Иногда удобней было удить стоя в воде, что для ног было не совсем полезно. И вдруг дома вспомнили, что в чулане лежали кожаные охотничьи сапоги, купленные лет десять тому назад за 400 рублей (сталинскими) дядей Сережей на ярмарке. Использовались они только во время паводка для ловли рыбы наметкой. И вот когда сапоги достали, я ахнул: на золотом ярлычке внутри голенища стояла фамилия мастера с буквой «Ъ» на конце и год изготовления: 1864! Вот это да! Оказывается, были в России мастера, шившие теплые, не промокаемые как резина и мягкие как шелк сапоги из… кожи! И что удивительно: ноги в этих сапогах не потели даже в жару! С этого момента я ходил на рыбалку только в этих сапогах.

Однажды мне довелось порыбачить без удочки – это когда спустили воду из мельничьего омута-бучала. Когда вода ушла, то под самой мельницей обнажился мелкий водоемчик, дно которого было завалено крупными глыбами камней. И вот в щели между глыбами забились бычки – смешные рыбы с огромными головами и острыми крючками по бокам головы. Доставать их из щелей не представляло никакой трудности, и я принес домой целое ведро этой безвкусной костлявой рыбы…

***

В июле к дяде Сереже с тетей Шурой пришли сваты. Жених Николай Мишин был на одиннадцать лет старше моей любимой и невероятно красивой (на мой вкус) двоюродной сестры Таси, которую я ревновал к любым мужчинам – вовсе не потому, что строил в отношении ее какие-либо планы.

Помнится, сваты – старший брат Николая (до революции работавший конюхом у Льва Толстого в Ясной Поляне) и его мама (хлебнувшая лиха во время коллективизации) пришли без самого Николая. Все родственники Николая были людьми трудолюбивыми и ответственными, а потому сватовство состоялось быстро.
Семья Николая жила в деревне Крюково, что от Малыни в пяти километрах вверх по течению реки Плавы. В этом месте Плава делала большой крюк и была шире раз в десять, чем под нашей деревней.

Вскоре ответный визит совершили и Тасины родители. Вместе с ними пошли и мы с дедушкой. Но почему-то от разговоров в памяти ничего не осталось. Запомнились лишь большая чаша с медом на столе да моя прогулка по берегу Плавы. Мед я ел второй раз в жизни. Богатейшее заливное разнотравье, еще не уничтоженное «ускоренным развитием», было наилучшим медоносом. А поход на речку запомнился тем, что я видел, как рыбок поймал на удочку… стерлядь!

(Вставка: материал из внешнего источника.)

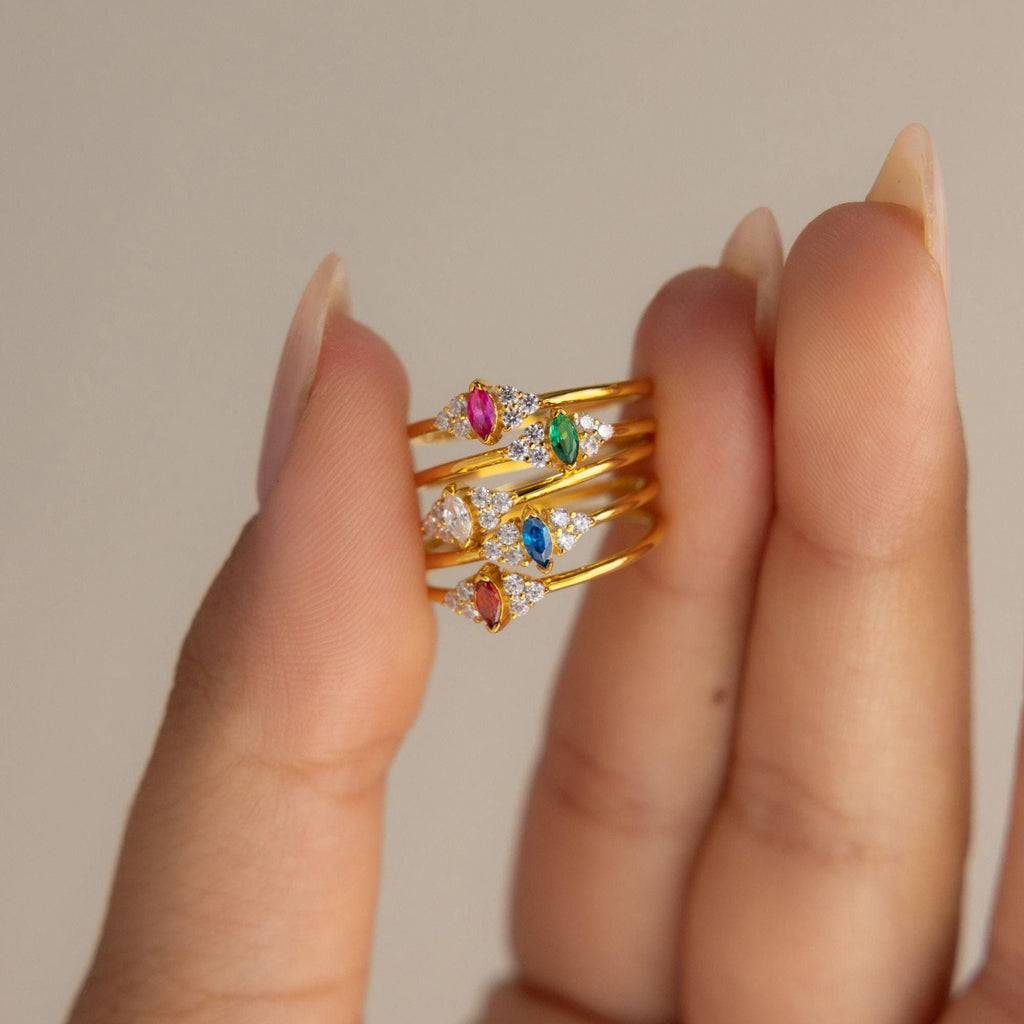 A hand holds three gold rings, including the Tiny Marquise Birthstone Ring featuring colorful gemstones and small diamonds, set against a neutral background.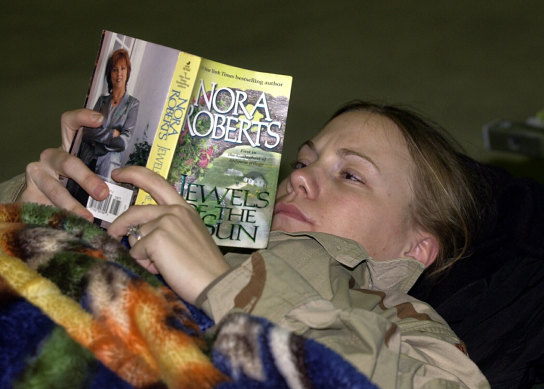 An American soldier takes a break as she makes her way back to the US from Iraq in February 2004.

И это в 250 километрах от Москвы!..

Вскоре состоялась и свадьба с венчанием в Крапивенской церкви. Честь держать венчальную корону над головой Таси выпала мне. Я понимал, что этим действом я ставил крест на ее девичьей жизни и отрезал в небытие два с половиной года детства, проведенного вместе с любимой сестрой…

Для свадебного застолья тетя Шура поставила два больших молочных бидона с брагой для самогонки. Солодом служила запаренная рожь, которая почти не давала сивушных масел. Самогонка удалась на славу и по крепости не уступала водке.
Однако водка – это сущая ерунда. Куда важнее квас, изготовленный на основе ржаного солода, оставшегося после самогона! Более вкусного кваса я больше никогда в жизни не пил!..

Но пришла пора, и уходили последние дни моего пребывания в деревенской атмосфере.

Итак, мое второе деревенское лето подошло к концу. Эти два лета были самыми безмятежными в моей жизни, ведь за это время ни с кем не было ни одного конфликта – ни драк, ни ругани, ни грубости! Домашних работ было много, но и для волюшки время оставалось: частенько уходил за многие километры в поля, луга, лесопросеки и даже в старинные кладбища – просто так, бесцельно, созерцая МИР…

Я с сочувствием смотрю на детей, которым в 12-14 лет их родители не предоставили возможности хотя бы на два непрерывных месяца пожить без надзирающего ока взрослых и действовать лишь по собственной инициативе. Это может стать для не только праздником, но и мудрой школойа личной жизни.

================

На фото: В первом ряду: я (в клетчатой рубашке), моя двоюродная сестра Зинаида (Алексеевна), Толик Мухин (мой бывший одноклассник); другой одноклассник, Витя Соколов ("Шестик" - на одной руке было шесть пальцев), с правого края фото. Малынь, 1956.